Des dizaines de milliers de travailleurs agricoles étrangers ont quitté le pays. Les récoltes ont pourri dans les champs. Des milliers d’autres Palestiniens, qui avaient fait la navette entre Gaza et la Cisjordanie pour travailler en Israël, se sont vus refuser l’entrée sur le territoire.
Les investisseurs étrangers sont devenus méfiants, car les attaques à la roquette lancées par le Hamas ont compromis les voyages aériens à destination et en provenance d’Israël et ont créé des risques pour les employés et les lieux de travail.
Certains investisseurs ont eu peur lorsque l’invasion de Gaza par Israël, à la poursuite du Hamas, a commencé à prendre de l’ampleur et que les manifestations sont devenues quotidiennes sur les campus universitaires américains et dans les villes européennes.
Le tourisme a chuté, ce qui a coûté à Israël environ 5 milliards de dollars (4,9 milliards d’euros) au cours de la première année de la guerre.
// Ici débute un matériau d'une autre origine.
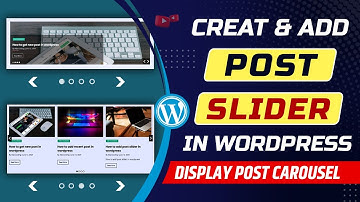 How to create post slider in WordPress website | How to add post carousel in WordPress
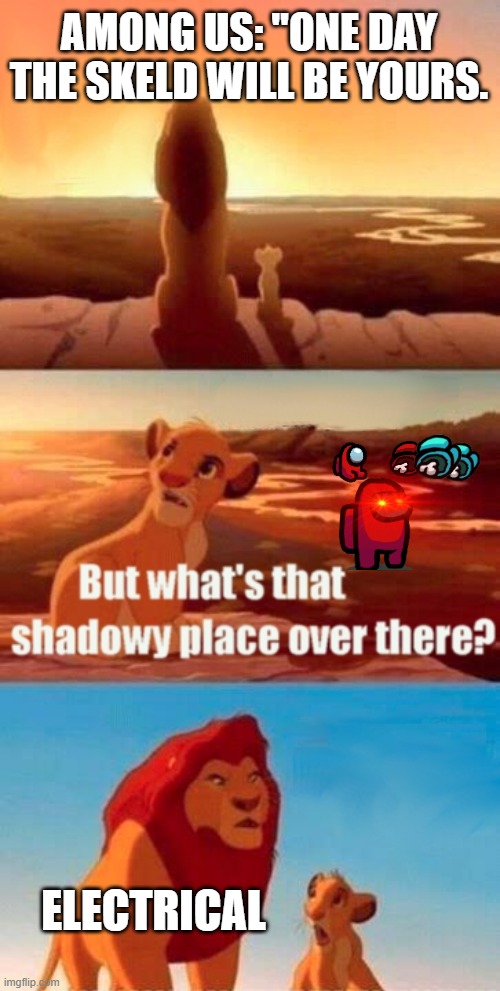 Simba Shadowy Place | AMONG US: "ONE DAY THE SKELD WILL BE YOURS. ELECTRICAL | image tagged in memes,simba shadowy place | made w/ Imgflip meme maker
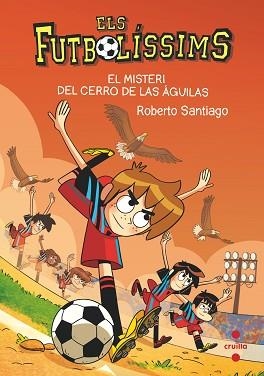 FUTBOLÍSSIMS 21. EL MISTERI DEL CERRO DE LAS ÁGUILES | 9788466150699 | SANTIAGO, ROBERTO | Llibreria Aqualata | Comprar llibres en català i castellà online | Comprar llibres Igualada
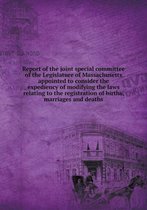 Report of the joint special committee of the Legislature of Massachusetts appointed to consider the expediency of modifying the laws relating to the registration of births, marriag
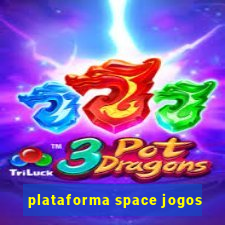 plataforma space jogos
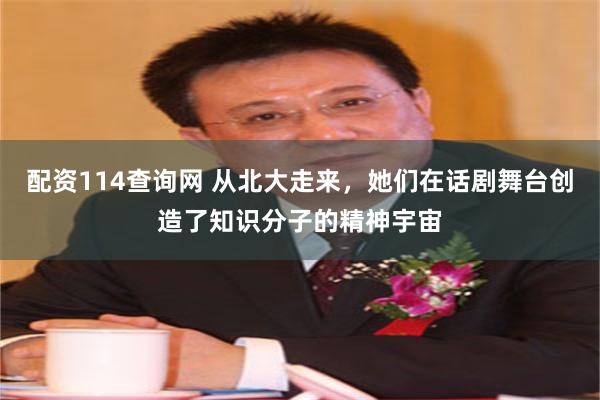 配资114查询网 从北大走来，她们在话剧舞台创造了知识分子的精神宇宙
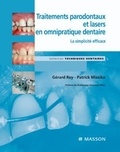 Patrick Missika et Gérard Rey - Traitements parodontaux et lasers en omnipratique dentaire - La simplicité efficace.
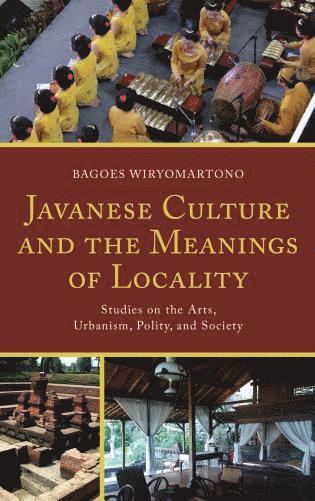 bokomslag Javanese Culture and the Meanings of Locality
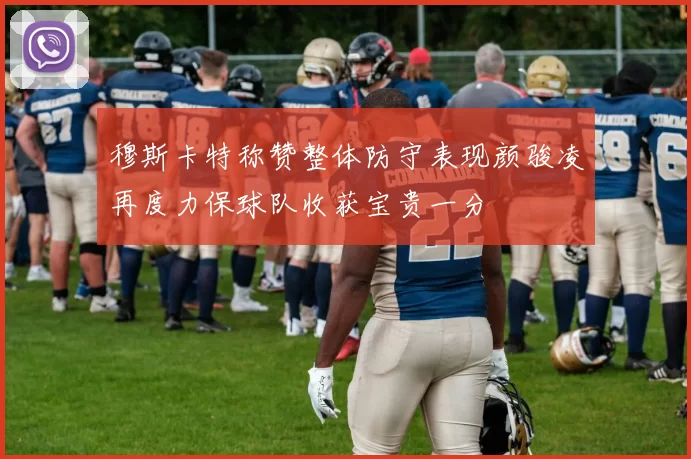 穆斯卡特称赞整体防守表现颜骏凌再度力保球队收获宝贵一分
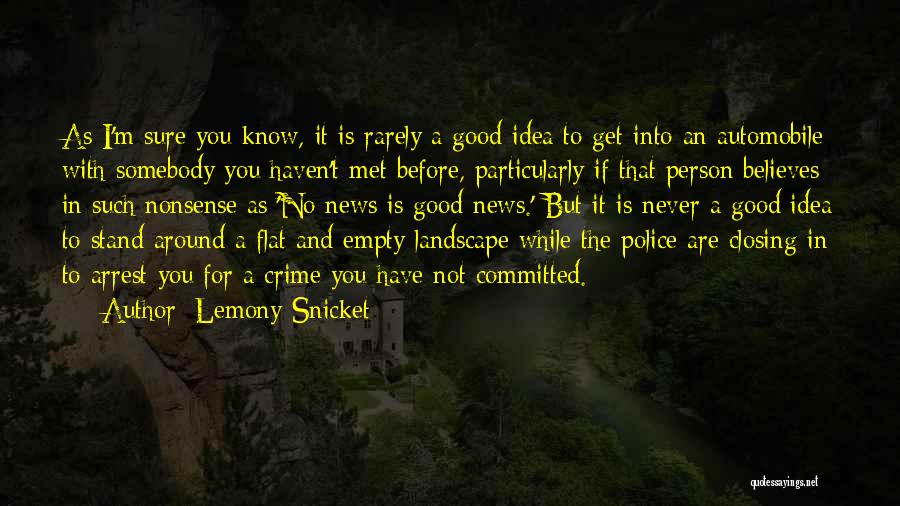 Lemony Snicket Quotes: As I'm Sure You Know, It Is Rarely A Good Idea To Get Into An Automobile With Somebody You Haven't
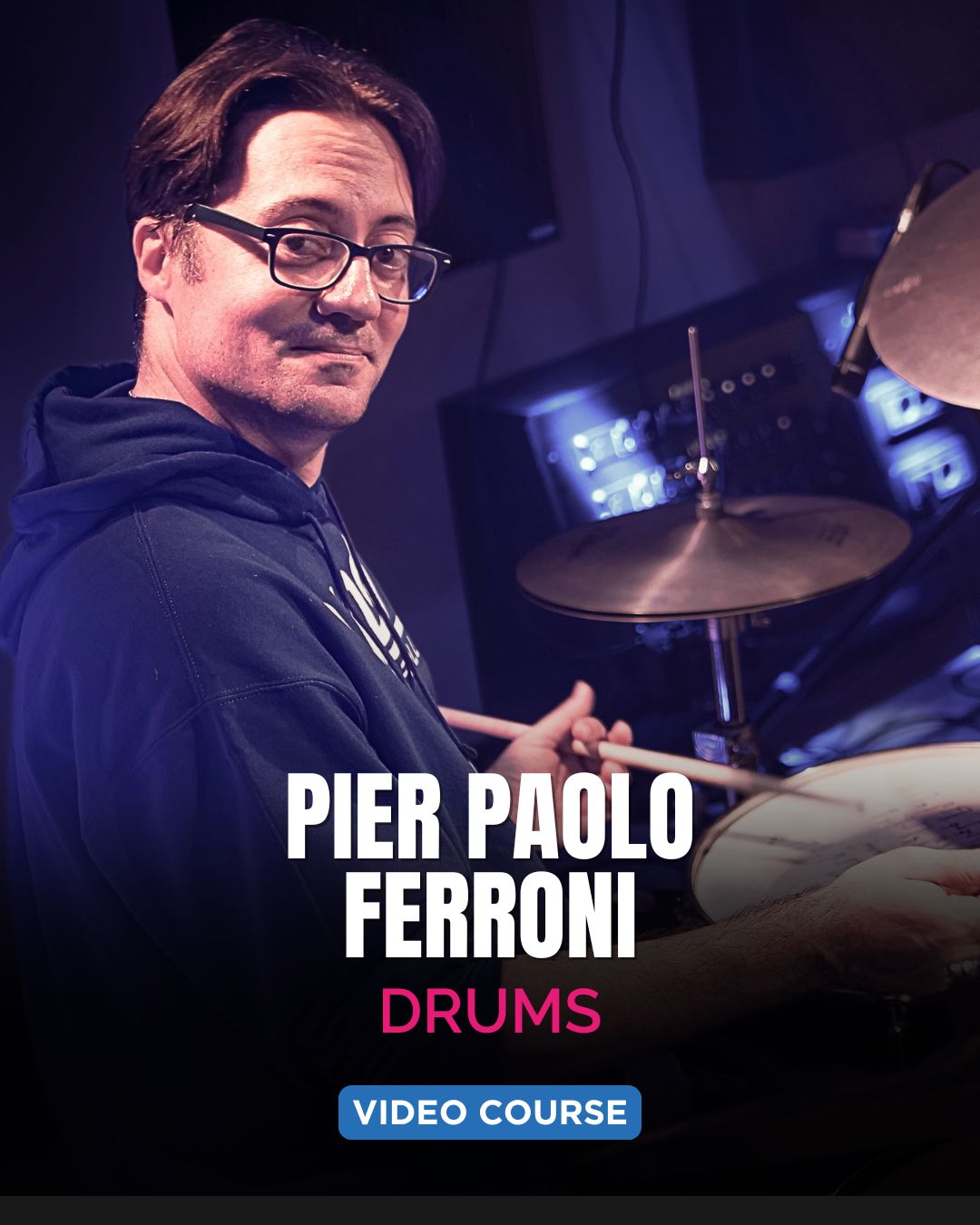 COSTRUISCI UN DRUMMING DA TURNISTA - Pier Paolo Ferroni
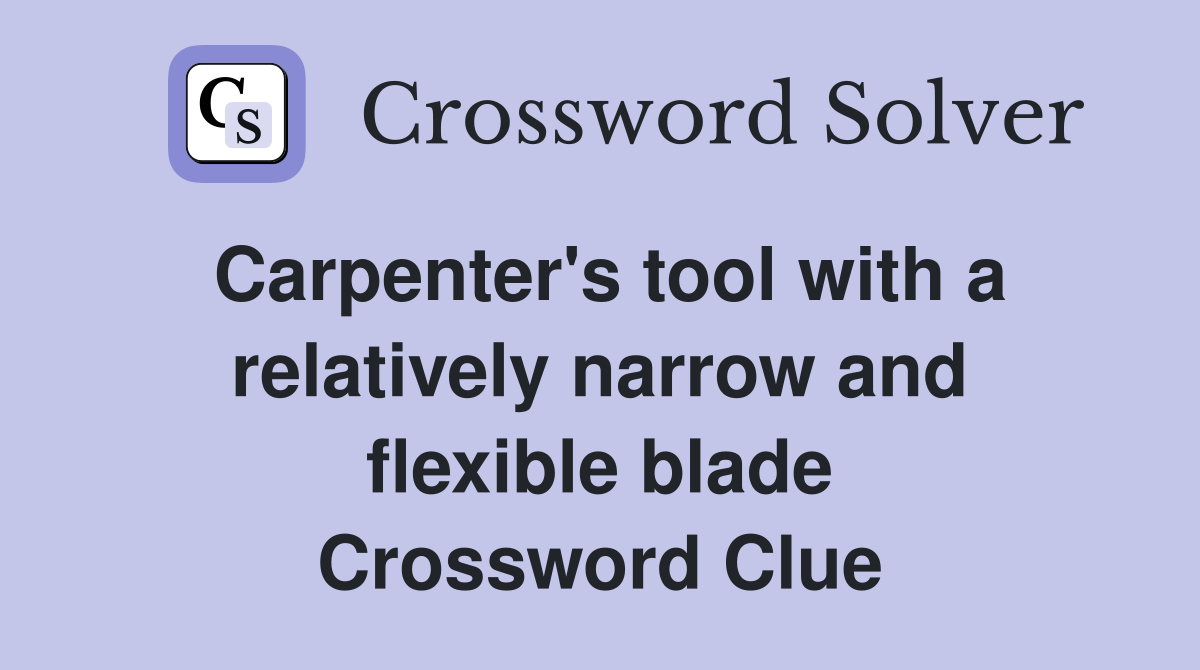 Carpenter's tool with a relatively narrow and flexible blade Crossword Clue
M. Sperling a dit pouvoir en parler personnellement. Deux voyages d’étudiants de l’UGA en Israël, qu’il devait accompagner, ont été annulés. D’innombrables autres écoles, églises et synagogues ont fait de même.
La fréquentation des hôtels a fortement chuté.
Une partie du ralentissement de l’industrie touristique a toutefois été compensée par le gouvernement, qui a payé des hôtels pour héberger les Israéliens déplacés par les attaques du Hamas dans le sud ou les tirs de roquettes du Hezbollah dans le nord, a ajouté M. Sperling.
En mai 2024, le gouverneur de la Banque d’Israël, Amir Yaron, a estimé que le coût de la guerre entre 2023 et 2025 s’élèverait à 67 milliards de dollars.
Le gouvernement reste confronté à un formidable éventail de problèmes financiers. L’inflation se poursuit, mais moins qu’auparavant. Alors qu’elle était de 5,4 % en janvier 2023, près d’un an avant la guerre, elle n’était plus que de 3,4 % en novembre 2024, selon la Banque d’Israël.
Ce chiffre reste supérieur à l’objectif de 1 à 3 % fixé par le gouvernement et suffisamment élevé pour empêcher une baisse des taux d’intérêt destinée à relancer l’économie.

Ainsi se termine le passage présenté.